Gifford Has A Plan

The speaker has cash, backers—and a low rank in polls. What gives?

There's a mystery in the mayor's race, and his name is Gifford Miller. He's the speaker of the New York City Council, the second-most-powerful elected figure in city government. He's raised, and still has on hand, more money than his Democratic rivals. He was smart enough to get elected to the City Council at 26 and become speaker at 32. And yet he trails badly in the polls, frozen at around 12 percent, trading with Anthony Weiner for last place.

"What is the answer?" puzzles Doug Muzzio, public affairs professor at Baruch and longtime observer of city races. "You know, I'll be damned, because everything points to greater impact."

Maybe it's that he looks so young. That Miller is a youthful-looking 35 is something he has no control over—unless he goes in for gray highlights—but it allows his rivals to try to not treat him seriously. When Miller pushed the Council to extend a tax surcharge to hire more teachers earlier this year, Bloomberg communications director Bill Cunningham dismissed the move as "a cute ploy by a cute candidate for mayor."

Perhaps the problem is where Miller's from. A lifelong Upper East Sider, Miller does not have the built-in personal appeal to an electoral base that Fernando Ferrer (Latinos), Virginia Fields (blacks), or even Weiner (Jews and other outer-borough "white ethnics") might claim. And being from the Upper East Side makes it somewhat harder for Miller to castigate Bloomberg as out of touch, a favorite Democratic line: While he's no billionaire, Miller's financial disclosure forms indicate he has assets worth between $380,000 and $1.4 million.

Or perhaps it's simpler than that. Maybe what's kept Gifford Miller from breaking through so far is that one of his apparent assets—the speaker's chair and what he's done with it—is actually a liability.


Miller's tenure as speaker has earned him fans. "What he says, he does, and that's very important to me," says Brooklyn Borough President Marty Markowitz. "Straight shooter. No baloney, not a question about it, so I can depend upon his promises." And Miller can point to a list of accomplishments including an Earned Income Tax Credit for the city, a living-wage bill, fighting the mayor on some budget cuts, securing funds to construct schools. Councilmembers say he's a nice guy, a gregarious fellow. "He's proven to me that he can bring together a council delegation that represents every flavor of New York and is able to bring together more often than not a cohesive council," Markowitz notes.

In trying to get that cohesion, however, Miller may have diluted the Council's ability to act boldly, because of the diversity of people he had to cram on board. What's more, critics say, his Council agenda was tailored for his mayoral run. "Ambition, ambition, ambition—and he'll step over anyone and just disrespect anyone just to achieve his ultimate objective," says Councilwoman Letitia James, who is furious over Miller's support for plans to place a new Nets arena in her area of Brooklyn.

That's not the only development project where Miller has come up against local activists. His support for the Greenpoint-Williamsburg rezoning sent protesters dressed as flowers and skyscrapers to his campaign office. And his late opposition to the West Side stadium—he announced it only in November—made it look like a conveniently calculated move.

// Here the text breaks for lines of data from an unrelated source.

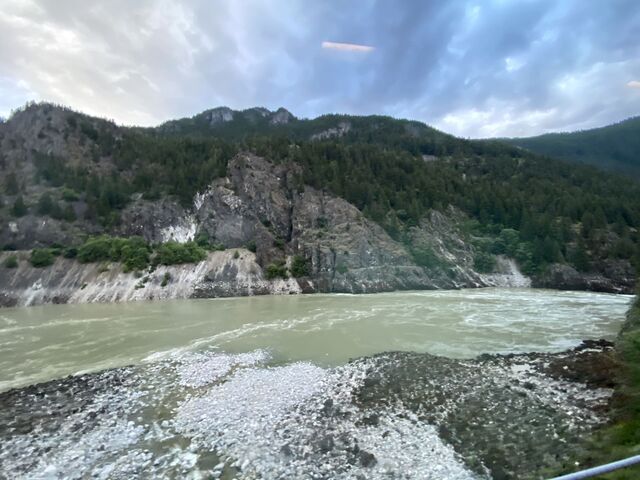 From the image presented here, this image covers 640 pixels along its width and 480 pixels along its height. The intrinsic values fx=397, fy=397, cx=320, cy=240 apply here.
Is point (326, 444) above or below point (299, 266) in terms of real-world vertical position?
below

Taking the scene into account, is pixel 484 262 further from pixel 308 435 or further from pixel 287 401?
pixel 308 435

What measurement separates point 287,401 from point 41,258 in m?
67.2

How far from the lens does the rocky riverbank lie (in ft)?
36.8

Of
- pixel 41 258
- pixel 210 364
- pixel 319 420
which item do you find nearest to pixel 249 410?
pixel 319 420

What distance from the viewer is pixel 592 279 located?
64188 millimetres

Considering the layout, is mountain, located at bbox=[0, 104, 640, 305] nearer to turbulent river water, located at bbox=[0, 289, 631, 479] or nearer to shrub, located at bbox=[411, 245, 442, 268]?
shrub, located at bbox=[411, 245, 442, 268]

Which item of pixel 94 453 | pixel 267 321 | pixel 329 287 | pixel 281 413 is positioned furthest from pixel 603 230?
pixel 94 453

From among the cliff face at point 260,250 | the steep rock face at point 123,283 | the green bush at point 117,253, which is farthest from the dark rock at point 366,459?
the green bush at point 117,253

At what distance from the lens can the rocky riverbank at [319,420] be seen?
11211 millimetres

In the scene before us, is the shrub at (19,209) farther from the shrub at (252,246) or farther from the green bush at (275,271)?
the green bush at (275,271)

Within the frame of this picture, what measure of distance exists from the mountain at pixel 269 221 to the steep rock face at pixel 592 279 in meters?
0.25

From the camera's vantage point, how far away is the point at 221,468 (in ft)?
36.9

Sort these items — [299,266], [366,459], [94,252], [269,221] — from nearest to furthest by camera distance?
[366,459]
[94,252]
[299,266]
[269,221]

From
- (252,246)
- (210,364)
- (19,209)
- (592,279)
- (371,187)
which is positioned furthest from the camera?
(371,187) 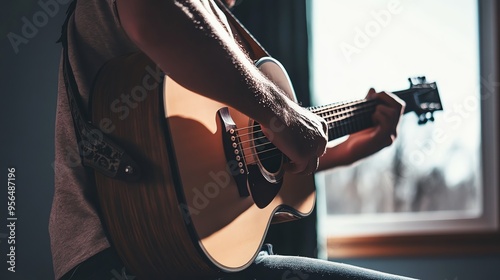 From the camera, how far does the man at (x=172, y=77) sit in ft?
2.19

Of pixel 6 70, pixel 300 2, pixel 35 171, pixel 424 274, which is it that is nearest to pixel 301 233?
pixel 424 274

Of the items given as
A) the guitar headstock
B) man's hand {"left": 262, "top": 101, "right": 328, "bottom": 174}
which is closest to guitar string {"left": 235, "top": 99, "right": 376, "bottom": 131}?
the guitar headstock

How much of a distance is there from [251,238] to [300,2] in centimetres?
131

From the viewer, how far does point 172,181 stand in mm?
708

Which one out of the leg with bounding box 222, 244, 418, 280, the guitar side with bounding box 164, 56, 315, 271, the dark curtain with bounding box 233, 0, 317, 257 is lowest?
the leg with bounding box 222, 244, 418, 280

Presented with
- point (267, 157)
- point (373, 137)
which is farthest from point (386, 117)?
point (267, 157)

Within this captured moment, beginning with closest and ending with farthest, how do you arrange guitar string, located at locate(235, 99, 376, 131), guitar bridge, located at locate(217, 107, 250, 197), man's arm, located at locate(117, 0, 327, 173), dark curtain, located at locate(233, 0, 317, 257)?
1. man's arm, located at locate(117, 0, 327, 173)
2. guitar bridge, located at locate(217, 107, 250, 197)
3. guitar string, located at locate(235, 99, 376, 131)
4. dark curtain, located at locate(233, 0, 317, 257)

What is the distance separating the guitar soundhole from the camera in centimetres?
90

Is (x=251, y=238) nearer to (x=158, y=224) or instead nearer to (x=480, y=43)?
(x=158, y=224)

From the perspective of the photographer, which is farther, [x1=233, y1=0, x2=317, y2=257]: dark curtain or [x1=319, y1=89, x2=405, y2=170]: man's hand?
[x1=233, y1=0, x2=317, y2=257]: dark curtain

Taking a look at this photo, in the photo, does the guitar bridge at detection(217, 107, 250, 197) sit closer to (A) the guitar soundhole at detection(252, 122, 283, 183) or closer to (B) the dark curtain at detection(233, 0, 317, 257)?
(A) the guitar soundhole at detection(252, 122, 283, 183)

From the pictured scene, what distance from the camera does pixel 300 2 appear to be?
77.0 inches

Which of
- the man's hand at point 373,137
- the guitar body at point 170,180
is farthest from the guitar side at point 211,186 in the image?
the man's hand at point 373,137

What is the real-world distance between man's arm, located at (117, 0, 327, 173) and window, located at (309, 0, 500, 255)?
54.3 inches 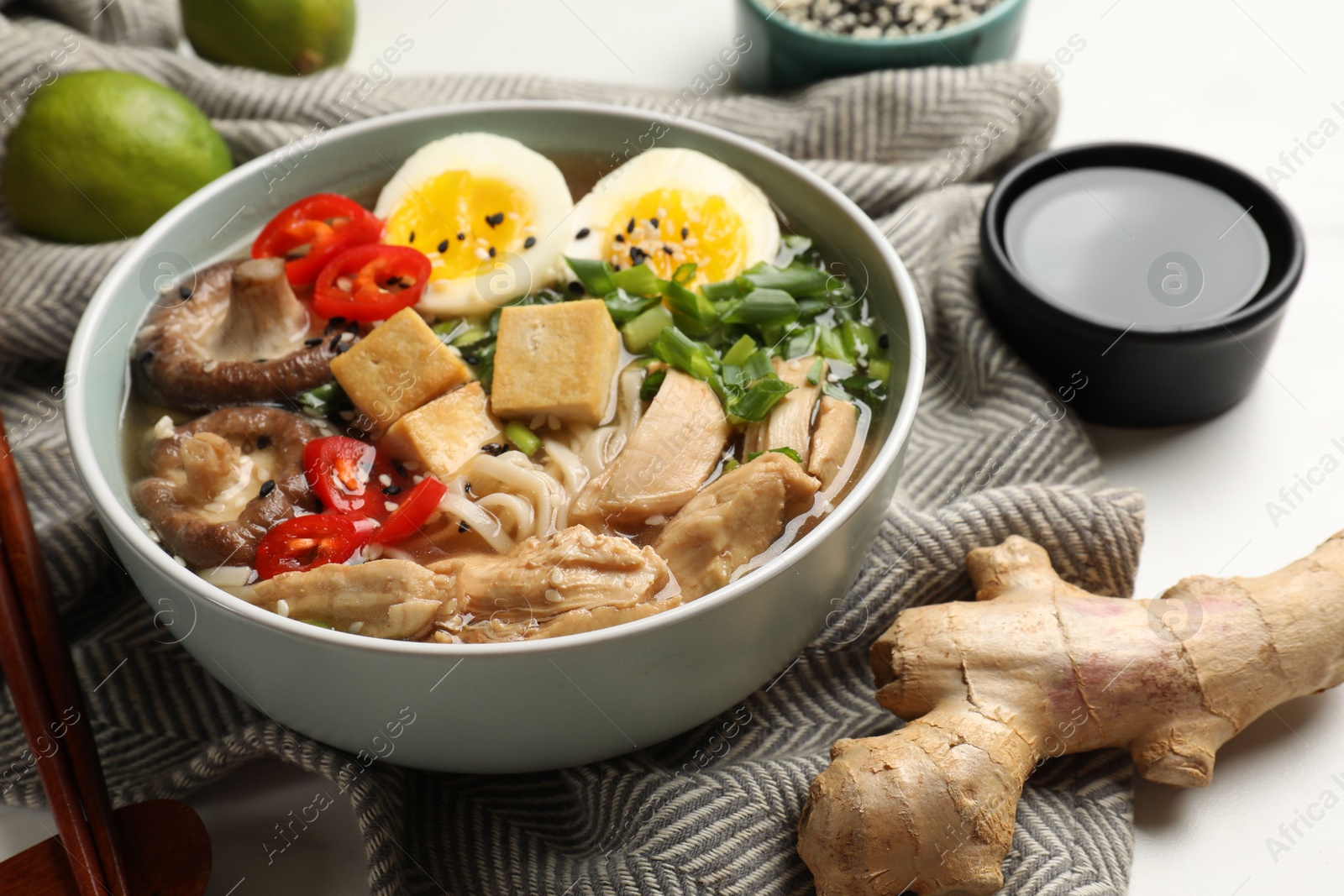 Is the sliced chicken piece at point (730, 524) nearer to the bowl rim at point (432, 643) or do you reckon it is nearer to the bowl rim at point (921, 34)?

Miller tells the Voice, "I like to find out the facts before I make a decision on an issue," and notes that the Council took steps to expose shady elements of the deal and block them.

Miller has been accused of such calculation before: For the 2001 campaign, he set up a PAC to help elect candidates to the council who would then be in a position to vote for him as speaker. He won that vote, partly because term limits chased three dozen council members out, making Miller the senior member.

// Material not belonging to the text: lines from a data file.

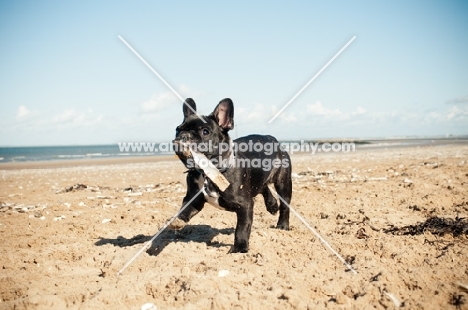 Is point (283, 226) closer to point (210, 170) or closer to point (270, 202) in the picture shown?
point (270, 202)

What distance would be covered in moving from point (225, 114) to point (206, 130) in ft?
1.21

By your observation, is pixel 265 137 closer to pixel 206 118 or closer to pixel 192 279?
pixel 206 118

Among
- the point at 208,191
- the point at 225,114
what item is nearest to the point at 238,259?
the point at 208,191

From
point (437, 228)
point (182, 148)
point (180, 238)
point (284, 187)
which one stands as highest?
point (182, 148)

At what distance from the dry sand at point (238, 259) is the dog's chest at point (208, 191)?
690mm

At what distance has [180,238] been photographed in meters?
5.34

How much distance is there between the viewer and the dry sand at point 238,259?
306 centimetres

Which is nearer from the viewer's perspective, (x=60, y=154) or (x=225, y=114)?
(x=225, y=114)

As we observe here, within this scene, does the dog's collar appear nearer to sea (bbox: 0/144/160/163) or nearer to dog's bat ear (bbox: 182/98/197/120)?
dog's bat ear (bbox: 182/98/197/120)

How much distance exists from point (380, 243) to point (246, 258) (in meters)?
1.73

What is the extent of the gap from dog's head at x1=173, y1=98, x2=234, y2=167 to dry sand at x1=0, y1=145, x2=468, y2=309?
1.30 m

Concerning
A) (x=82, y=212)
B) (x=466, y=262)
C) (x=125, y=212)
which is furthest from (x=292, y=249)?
(x=82, y=212)

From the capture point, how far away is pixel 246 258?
404cm

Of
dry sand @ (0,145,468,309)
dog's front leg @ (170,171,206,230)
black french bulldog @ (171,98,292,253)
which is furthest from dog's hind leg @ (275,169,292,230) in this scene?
dog's front leg @ (170,171,206,230) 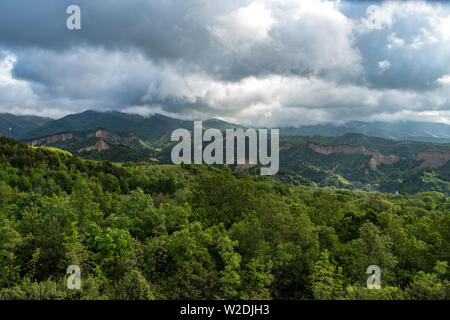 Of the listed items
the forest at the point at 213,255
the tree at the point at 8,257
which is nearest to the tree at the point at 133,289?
the forest at the point at 213,255

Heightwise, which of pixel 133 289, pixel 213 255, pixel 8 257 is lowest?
pixel 213 255

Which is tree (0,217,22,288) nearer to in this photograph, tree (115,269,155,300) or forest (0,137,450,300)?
forest (0,137,450,300)

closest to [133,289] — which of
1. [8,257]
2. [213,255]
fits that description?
[213,255]

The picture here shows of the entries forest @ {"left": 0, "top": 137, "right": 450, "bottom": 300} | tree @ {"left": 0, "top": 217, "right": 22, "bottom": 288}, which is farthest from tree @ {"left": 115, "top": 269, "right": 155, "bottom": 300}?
tree @ {"left": 0, "top": 217, "right": 22, "bottom": 288}

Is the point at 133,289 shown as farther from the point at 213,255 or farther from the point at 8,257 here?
the point at 8,257

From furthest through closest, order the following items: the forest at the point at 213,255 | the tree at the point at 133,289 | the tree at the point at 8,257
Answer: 1. the tree at the point at 8,257
2. the forest at the point at 213,255
3. the tree at the point at 133,289

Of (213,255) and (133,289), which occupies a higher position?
(133,289)

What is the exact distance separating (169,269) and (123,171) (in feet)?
449

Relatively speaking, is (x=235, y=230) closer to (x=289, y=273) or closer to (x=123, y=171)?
(x=289, y=273)

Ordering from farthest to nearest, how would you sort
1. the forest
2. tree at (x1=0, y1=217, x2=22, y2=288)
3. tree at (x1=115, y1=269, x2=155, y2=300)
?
tree at (x1=0, y1=217, x2=22, y2=288) < the forest < tree at (x1=115, y1=269, x2=155, y2=300)

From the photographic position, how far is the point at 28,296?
19750 millimetres

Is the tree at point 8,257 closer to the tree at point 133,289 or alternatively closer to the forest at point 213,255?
the forest at point 213,255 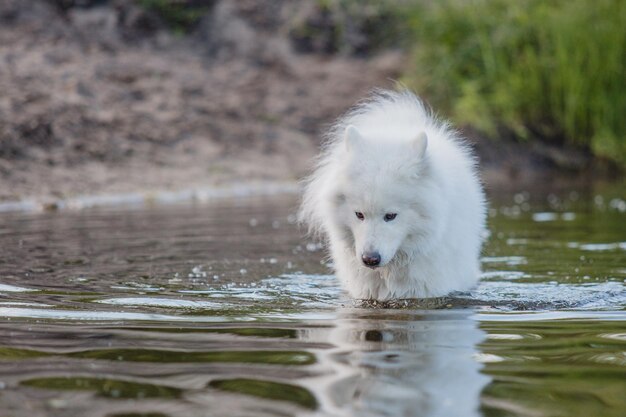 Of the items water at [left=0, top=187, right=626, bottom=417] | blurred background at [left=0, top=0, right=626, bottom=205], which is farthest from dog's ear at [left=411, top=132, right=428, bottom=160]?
blurred background at [left=0, top=0, right=626, bottom=205]

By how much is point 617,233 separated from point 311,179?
3.63 metres

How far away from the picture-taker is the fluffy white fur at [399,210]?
18.1 feet

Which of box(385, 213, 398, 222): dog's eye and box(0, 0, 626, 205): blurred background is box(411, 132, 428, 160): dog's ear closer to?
box(385, 213, 398, 222): dog's eye

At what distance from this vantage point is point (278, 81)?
1755 centimetres

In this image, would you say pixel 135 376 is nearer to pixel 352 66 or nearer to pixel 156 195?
pixel 156 195

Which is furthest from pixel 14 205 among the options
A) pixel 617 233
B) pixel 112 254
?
pixel 617 233

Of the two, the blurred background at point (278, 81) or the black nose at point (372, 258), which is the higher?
the blurred background at point (278, 81)

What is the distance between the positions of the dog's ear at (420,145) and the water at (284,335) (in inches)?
33.8

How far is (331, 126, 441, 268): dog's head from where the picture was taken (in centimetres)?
548

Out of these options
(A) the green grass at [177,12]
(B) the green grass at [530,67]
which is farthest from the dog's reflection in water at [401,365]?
(A) the green grass at [177,12]

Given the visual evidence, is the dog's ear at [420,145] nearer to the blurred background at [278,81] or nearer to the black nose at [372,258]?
the black nose at [372,258]

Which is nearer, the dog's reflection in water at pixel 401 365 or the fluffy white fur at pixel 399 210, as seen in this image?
the dog's reflection in water at pixel 401 365

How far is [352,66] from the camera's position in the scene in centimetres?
1839

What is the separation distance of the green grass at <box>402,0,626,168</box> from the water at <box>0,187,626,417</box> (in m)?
A: 7.81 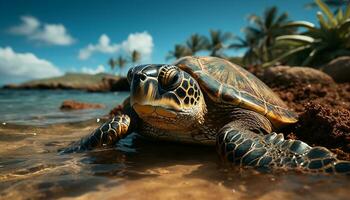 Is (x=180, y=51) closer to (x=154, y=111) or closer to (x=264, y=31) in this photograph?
(x=264, y=31)

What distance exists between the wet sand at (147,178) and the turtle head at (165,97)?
14.0 inches

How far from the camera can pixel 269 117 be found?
10.2 ft

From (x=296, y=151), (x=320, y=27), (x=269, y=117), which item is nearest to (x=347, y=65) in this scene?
(x=269, y=117)

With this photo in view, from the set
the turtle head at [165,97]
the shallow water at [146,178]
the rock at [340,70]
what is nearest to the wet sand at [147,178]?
the shallow water at [146,178]

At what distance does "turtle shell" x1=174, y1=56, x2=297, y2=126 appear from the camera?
116 inches

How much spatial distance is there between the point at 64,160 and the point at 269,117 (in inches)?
80.3

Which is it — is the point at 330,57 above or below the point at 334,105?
above

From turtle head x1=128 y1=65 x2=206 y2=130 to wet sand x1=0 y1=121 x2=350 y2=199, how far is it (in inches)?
14.0

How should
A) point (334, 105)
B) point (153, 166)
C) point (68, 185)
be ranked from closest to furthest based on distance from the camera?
point (68, 185) < point (153, 166) < point (334, 105)

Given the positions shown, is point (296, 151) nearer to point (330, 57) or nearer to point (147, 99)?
point (147, 99)

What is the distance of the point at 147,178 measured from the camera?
6.56 feet

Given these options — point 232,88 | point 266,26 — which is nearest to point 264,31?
point 266,26

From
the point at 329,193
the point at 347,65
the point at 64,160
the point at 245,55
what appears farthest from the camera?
the point at 245,55

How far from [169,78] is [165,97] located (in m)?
0.17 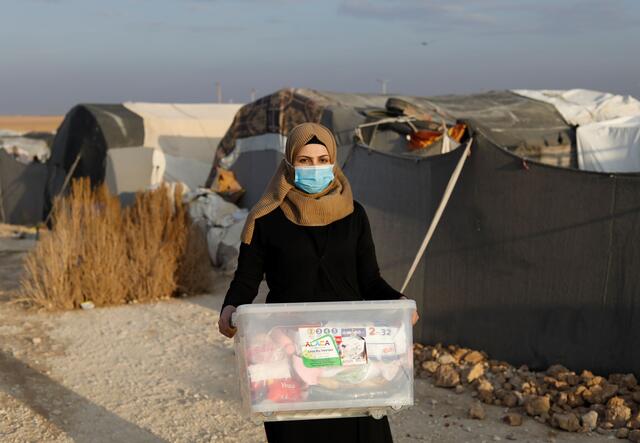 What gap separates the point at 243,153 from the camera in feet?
41.3

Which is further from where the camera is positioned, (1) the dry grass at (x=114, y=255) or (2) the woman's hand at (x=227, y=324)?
(1) the dry grass at (x=114, y=255)

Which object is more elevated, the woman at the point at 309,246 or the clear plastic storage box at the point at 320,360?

But while term limits helped him take charge, they also made the council much harder to run. For one thing, where the old council held a lot of deadwood, the new one featured several ambitious and talented people who competed with Miller for attention and for the agenda. The fact that the term limits clock was ticking meant these new members had to position themselves for a new job in eight years, and so were less willing than their predecessors to be patient and play ball. What's more, with Miller also term-limited, the promises he might have made to get cooperation—committee posts, action on favored bills—had a sell-by date.

That date is nigh, and Miller's waning power was on display during a recent fight over the Bloomberg trash plan. Miller won a narrow vote to block elements of the mayor's plan, but the speaker was unable to override Bloomberg's veto.

Many of the councilmembers who opposed Miller were from low-income neighborhoods that for years have dealt with loud, smelly trucks carting garbage—a practice that the mayor's plan would eventually abate. "He's really stunk up his relationship with black and Latino voters and with poor people and people who live in the South Bronx and in Brooklyn," says Andrew White, director of the New School's Center for New York City Affairs. And should Miller go up against fellow white Manhattanite Bloomberg, White adds, "Bloomberg's going to be in a vastly better position to pull in the rest of the city."